__What you will do__
Restate every line of the data word for word, except for the images.

__Information shown__
========================
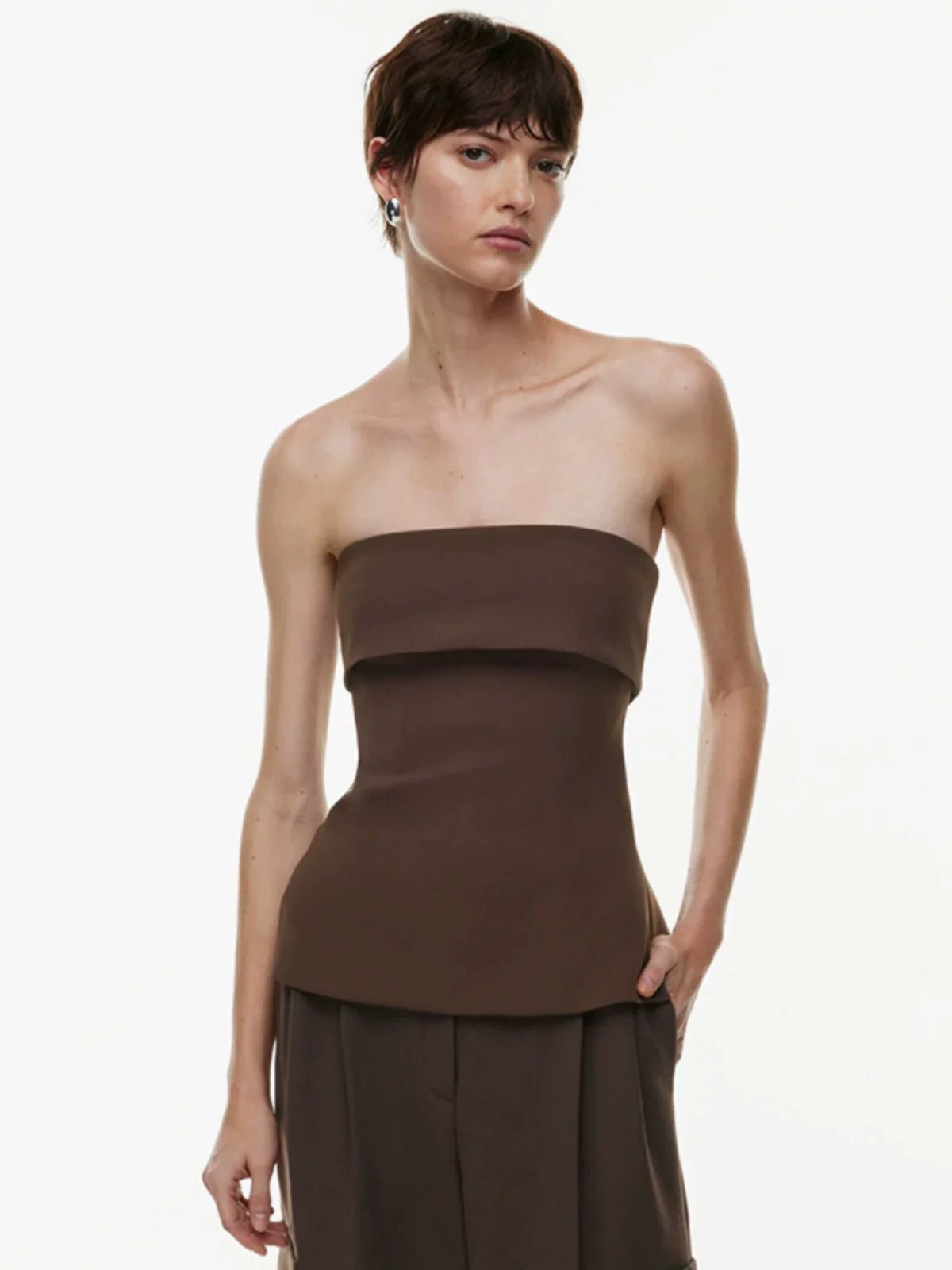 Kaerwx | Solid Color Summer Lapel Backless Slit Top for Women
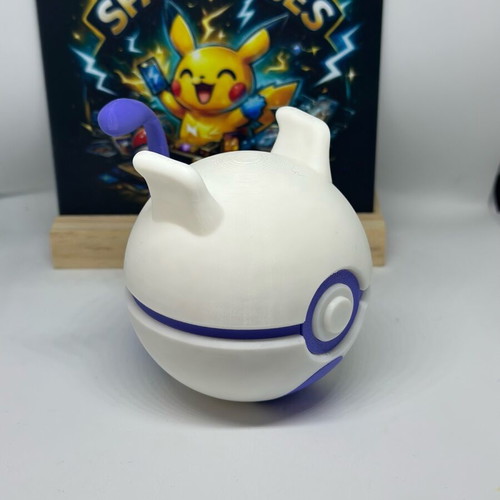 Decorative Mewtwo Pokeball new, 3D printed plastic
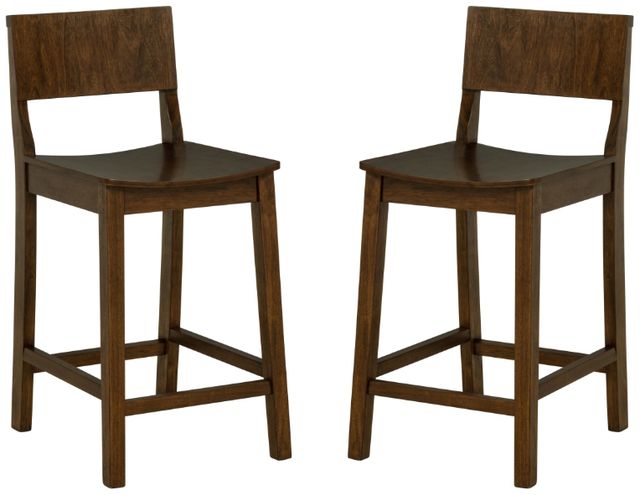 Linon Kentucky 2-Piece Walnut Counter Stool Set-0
========================
__Task response__
 Kaerwx | Solid Color Summer Lapel Backless Slit Top for Women
 Decorative Mewtwo Pokeball new, 3D printed plastic
 Linon Kentucky 2-Piece Walnut Counter Stool Set-0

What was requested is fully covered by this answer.